Canada’s main stock index fell on Wednesday, weighed down by an earnings miss from Bank of Montreal and as investors assessed the latest monetary policy clues from the country’s central bank.
Bank of Montreal fell 3.1 per cent to $92.15 after reporting profits which were slightly below expectations, hit by a decline in income in the United States.
BMO was the first of Canada’s big banks to report quarterly earnings, with Royal Bank of Canada, Canadian Imperial Bank of Commerce and Toronto-Dominion Bank all due to report on Thursday.
The broader financials sector fell 1 per cent.
Home Capital Group Inc, Canada’s biggest non-bank lender, lost 2.3 per cent to $9.03 after saying late on Tuesday that said it had drawn down an additional $250-million from a high interest credit line.

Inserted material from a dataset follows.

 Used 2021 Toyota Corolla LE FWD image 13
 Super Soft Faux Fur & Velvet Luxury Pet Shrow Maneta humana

At 11:26 a.m. ET, the Toronto Stock Exchange’s S&P/TSX composite index was down 95.74 points, or 0.62 per cent, at 15,381.20.

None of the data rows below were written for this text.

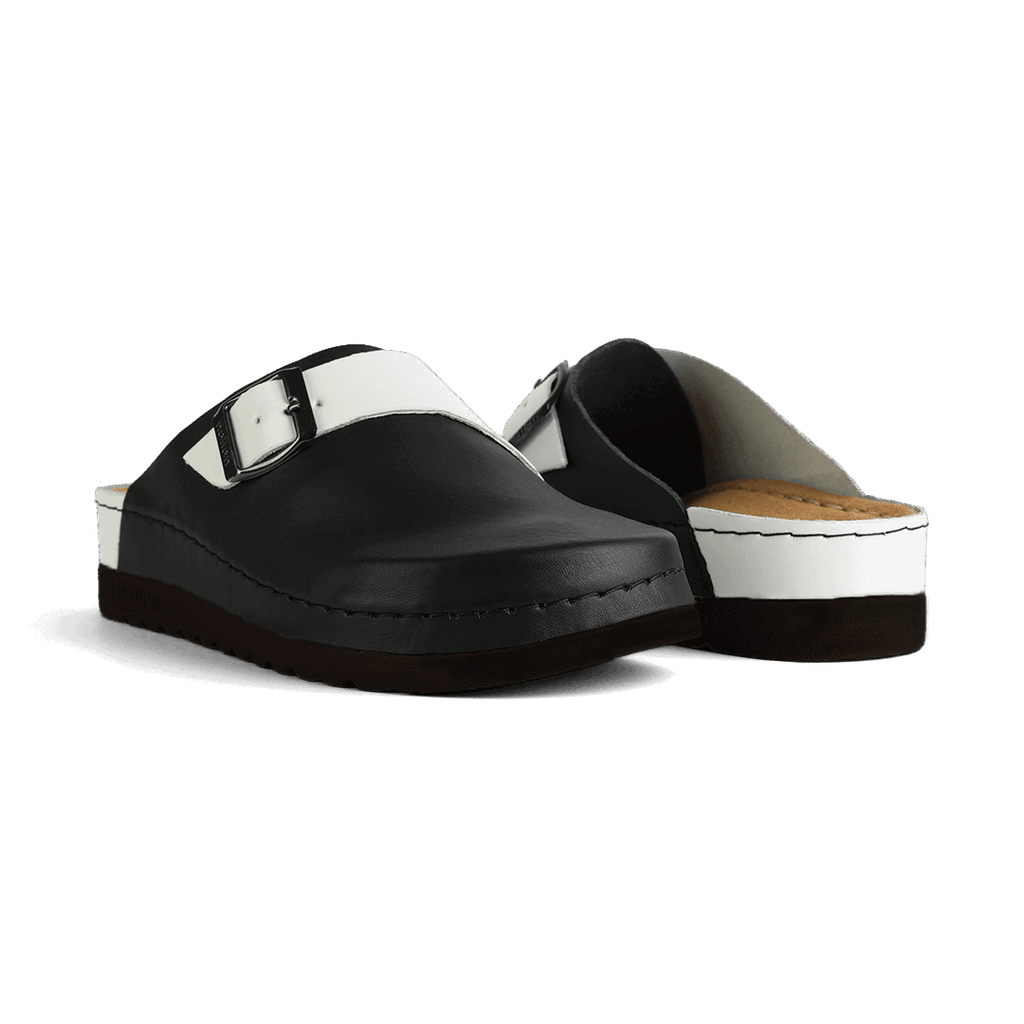 Priam Black & White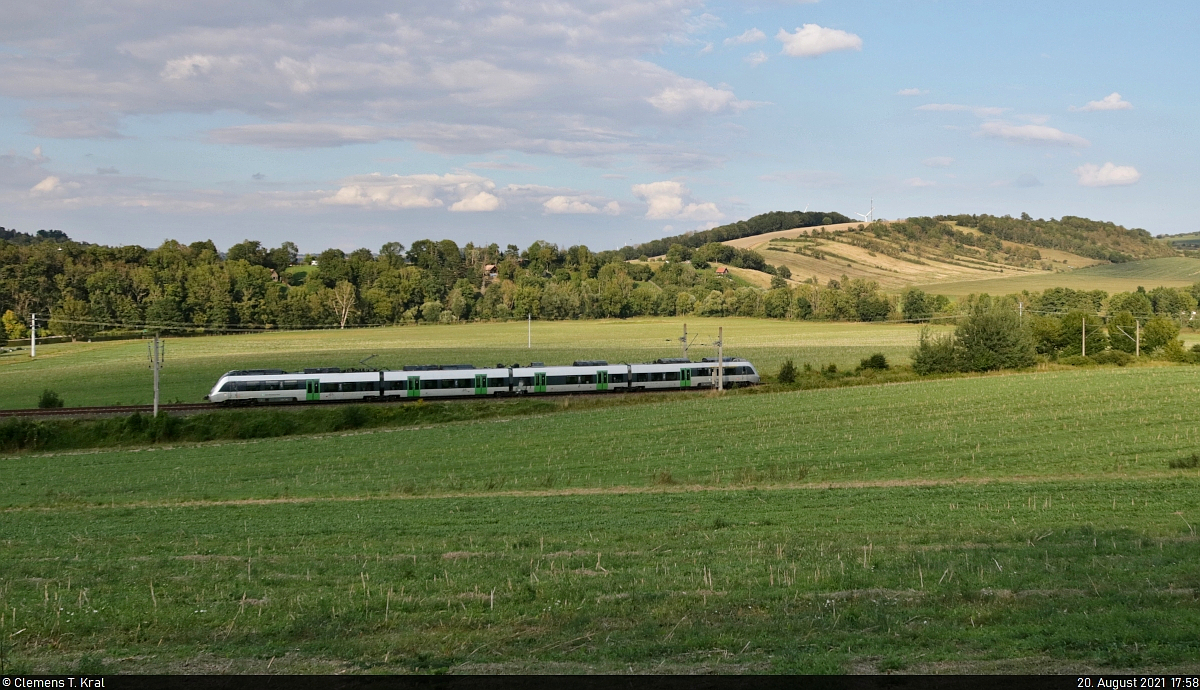 Hamster statt Dostos:
1442 710 (Bombardier Talent 2) überraschend unterwegs bei Döbritschen (Dornburg-Camburg).

🧰 S-Bahn Mitteldeutschland (DB Regio Südost)
🚝 RE 4893  Saale-Express  (RE18) Halle(Saale)Hbf–Jena-Göschwitz
🚩 Bahnstrecke Großheringen–Saalfeld (Saaletalbahn | KBS 560)
🕓 20.8.2021 | 17:58 Uhr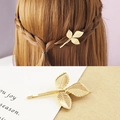Barrette à cheveux élégante en métal doré en forme de feuille avec texture détaillée - Style 3 Feuilles Doré (B6505) / Or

Nine of the index’s 10 main groups were in negative territory. There were three declining issues for every two advancers.

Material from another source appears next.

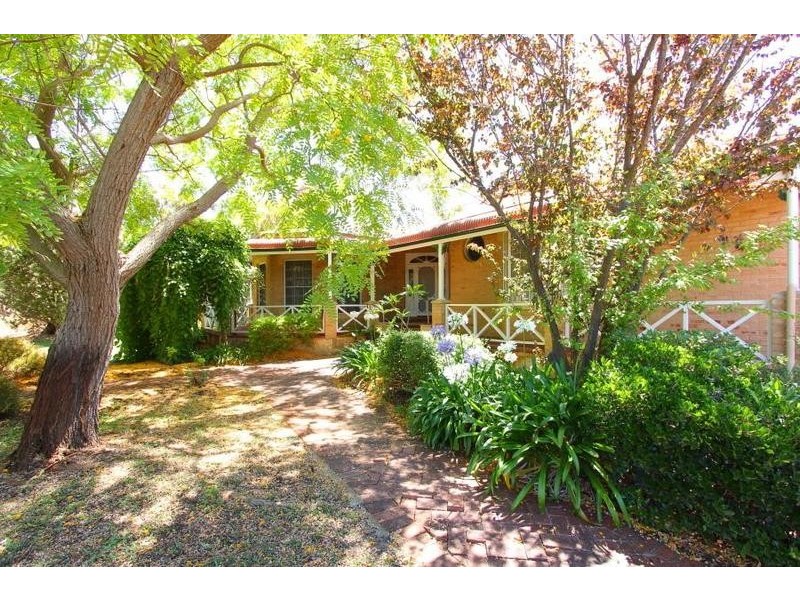 38 Hausen Court, Banjup WA 6164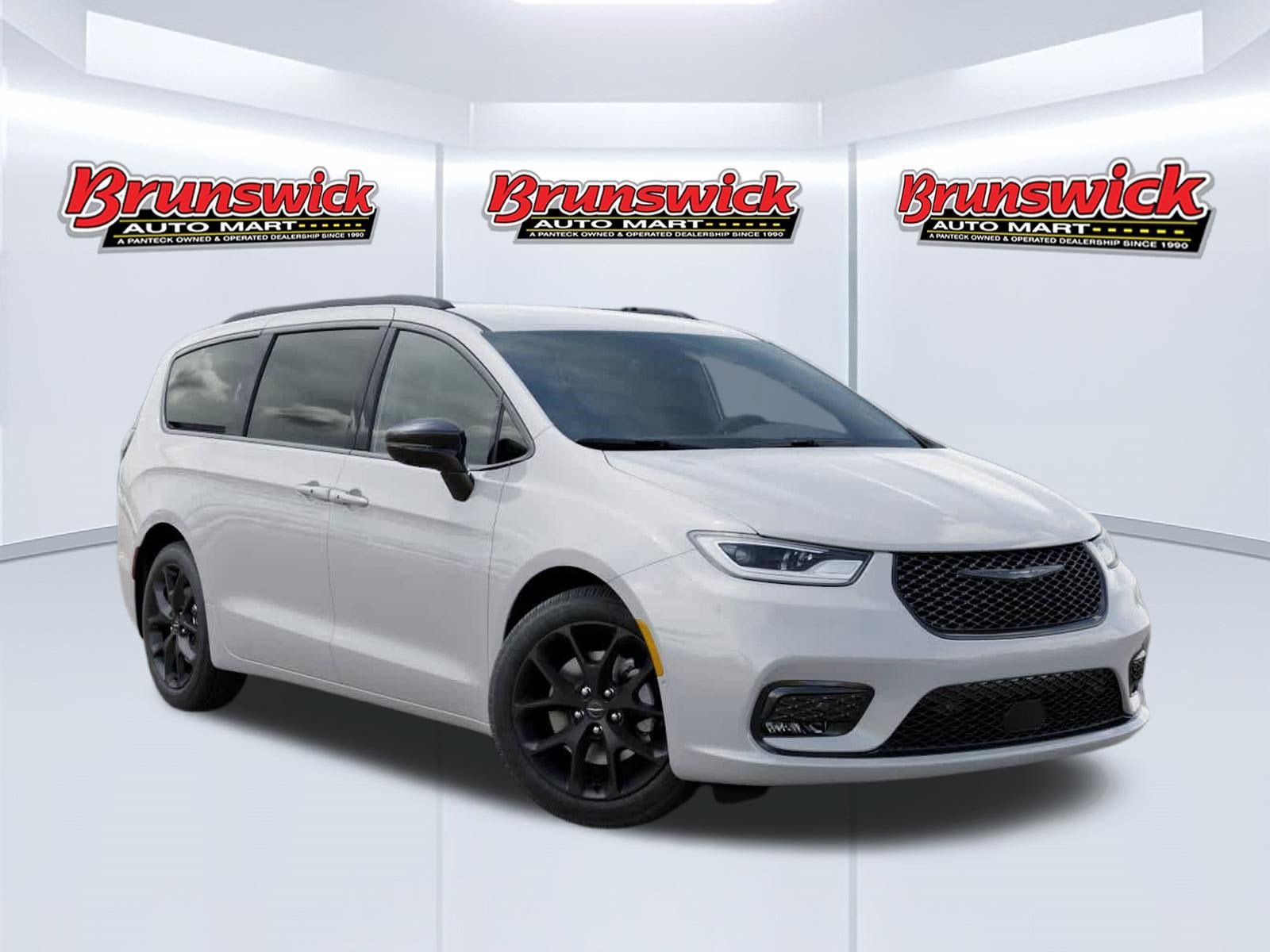 New 2026 Chrysler Pacifica Select w/ S Appearance Package AWD/4WD image 5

The Bank of Canada held interest rates steady on Wednesday, as expected, saying that while economic growth is likely to moderate in the second quarter, government measures to rein in the housing market have not yet had a substantial cooling effect.
Investors are also looking for clues to U.S. monetary policy with the scheduled release this afternoon of minutes from the last Federal Reserve policy meeting.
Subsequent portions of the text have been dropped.